Il mancato pagamento del pedaggio autostradale costituisce inadempimento dell'obbligazione assunta al momento del ritiro del talloncino all'entrata dell'autostrada. Si ha inadempimento, infatti, quando il contraente non esegue esattamente la prestazione dovuta, ovvero, nel caso di specie, non corrisponda l'importo per il servizio di cui si è usufruito (rectius per i servizi connessi all'utilizzo dell'autostrada). Il contratto, inoltre, è concluso tra le parti per facta concludentia e si caratterizza per essere commutativo a titolo oneroso, per cui rientra nell'ambito di applicabilità dell'art. 641 c.p. Quest'ultimo è, infatti, circoscritto all'inadempimento delle sole obbligazioni derivanti da un contratto poiché, se il titolo fosse gratuito la parte che intende procurare all'altra un vantaggio senza equivalente non potrebbe lamentare alcuna lesione patrimoniale per l'atto della stessa compiuto. Oggetto di tale contratto possono essere solo le obbligazioni di dare nonché quelle di fare ed omettere purché, in tale seconda ipotesi, l'altra parte abbia un obbligo di dare, cioè di pagare, mancando, diversamente, l'oggettività giuridica del reato in esame.

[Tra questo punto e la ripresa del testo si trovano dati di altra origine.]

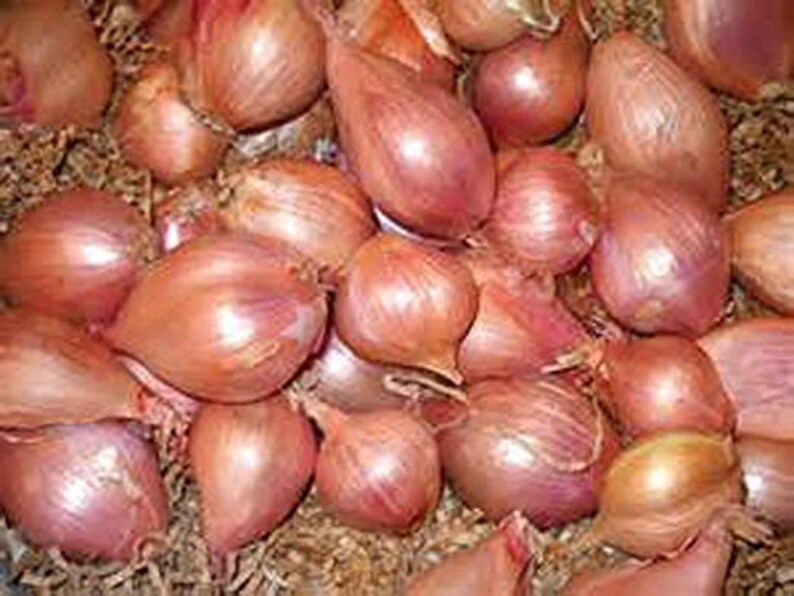 Fresh Shallots USA3lbs Envío estándar incluido. Etsy España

Le S.U. (Cass. S.U., n. 7738/1997) hanno chiarito che il pedaggio funge da corrispettivo per l'uso dell'autostrada e che le tariffe autostradali hanno natura di controprestazione e non di tributo. Secondo la Corte, infatti, il rapporto tra la società concessionaria e l'utente autostradale si configura come un'offerta al pubblico: la prima offre un servizio mediante l'installazione di un distributore automatico di biglietti, il secondo accetta la predetta offerta con il comportamento tacito concludente del ritiro del biglietto e con l'inserzione automatica, ai sensi dell'art. 1339 c.c., del prezzo del servizio in base alle tariffe predeterminate dalla legge o da provvedimento amministrativo, come avviene per i distributori automatici di beni. Qualora, invece, al casello di entrata dell'autostrada vi sia un addetto alla distribuzione del tagliando di ingresso il rapporto negoziale si instaura tra l'utente e l'ente di gestione mediante il personale da questo incaricato nella forma tipica della proposta di contratto e della sua accettazione.

Per quanto attiene allo stato d'insolvenza, oggetto della dissimulazione, la giurisprudenza lo individua non soltanto nel mancato pagamento (come nel caso in analisi), ma anche, e soprattutto, nella condizione d'insolvibilità rappresentata dalla mancanza attuale, totale o parziale, della possibilità di pagare che non sia manifestata all'altra parte contraente. Esso, dunque, può avere sia carattere “assoluto” che “relativo”, cioè riferito esclusivamente all'obbligazione assunta, deve sussistere quando sorge l'obbligazione e permanere sino al momento dell'adempimento. Ciò in quanto l'art. 641 comma 2 c.p. prevede come speciale causa estintiva del reato proprio il pagamento di quanto pattuito prima che intervenga la condanna (Cass. S.U., n. 7738/1997). La prova di tale condizione può essere ricavata dal comportamento precedente e successivo dell'imputato o da quello da medesimo tenuto al momento dell'inadempimento (Cass. V, n. 30718/2021).

La Corte ha anche chiarito che lo stato di insolvenza dichiarato dall'utente al casello d'uscita del percorso autostradale deve essere collegato alla mera carenza di liquidità e, cioè, alla mancanza del danaro contante necessario per pagare, al casello, il pedaggio autostradale. Di conseguenza agli effetti della presenza concreta dell'insolvenza al casello di uscita deve farsi riferimento soltanto alla dichiarata impossibilità del debitore, in quel momento, di assolvere all'obbligo del pagamento della somma di danaro da lui dovuta (Cass. II, n. 10247/1996).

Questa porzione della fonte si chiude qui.